The test group was administered with a sample at a dose of 150 mg / kg, and the control group was orally administered with water for injection as a solvent control to male and female rats once and observed for 14 days.
As a result, no abnormalities or deaths were observed during the observation period.
From this, it was considered that the LD50 value by single oral administration in the rat of the sample was 150 mg / kg or more in both sexes.

<Reversion mutation test>
For the black tea extract containing the X component, a reverse mutation test was requested from the Japan Food Analysis Center.
The test method uses Escherichia coli WP2uvrA and four Salmonella typhimurium TA strains in accordance with the attached “Genotoxicity Test Guidelines” of “Guidelines on Genotoxicity Tests of Drugs” (November 1, 1999, Pharmaceutical Trial No. 1604). Was done.
The sample dose was 313-5,000 μg / plate.
As a result, an increase in the number of revertant colonies was not observed.
From the above, it was concluded that the reverse mutagenicity of the specimen under the test conditions was negative.
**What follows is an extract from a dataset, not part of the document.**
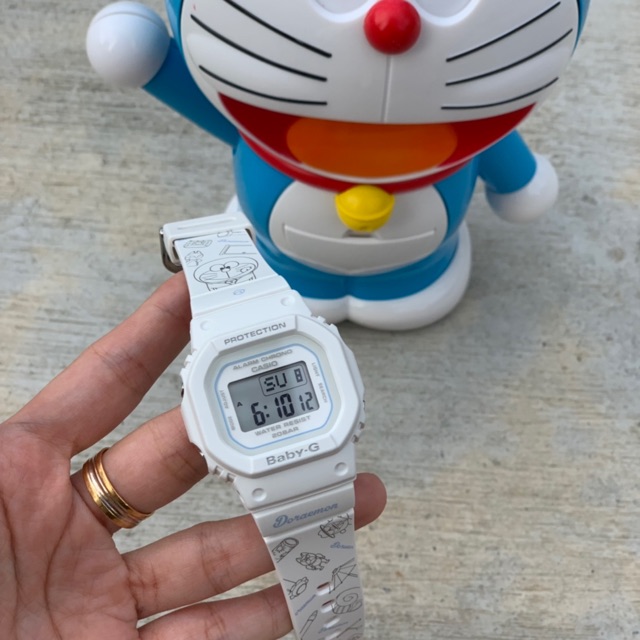casio baby g doraemon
The compound of the present invention specified by the above formula 1 suppresses an increase in blood glucose level, reduces neutral fat, improves liver function, suppresses an increase in blood pressure, improves cholesterol metabolism or kidney function, improves brain function, prevents Alzheimer's disease It is effective for treatment and not only enables further utilization of tea leaves, but also enables chemical synthesis of this compound by elucidating the structure.

  Since the pharmaceutical composition containing the specific compound according to the present invention has excellent pharmacological properties, the specific compound can be supplied as a non-toxic solvent solution of powder or water, acetic acid or ethanol. It is highly likely to be widely used in the tea manufacturing industry and the pharmaceutical manufacturing industry where this specific compound can be supplied.

Claims (1)

Characterized in that it contains a compound represented by the following formula 1, improving liver function, pharmaceutical compositions for use in improving cholesterol metabolism improvement or renal function.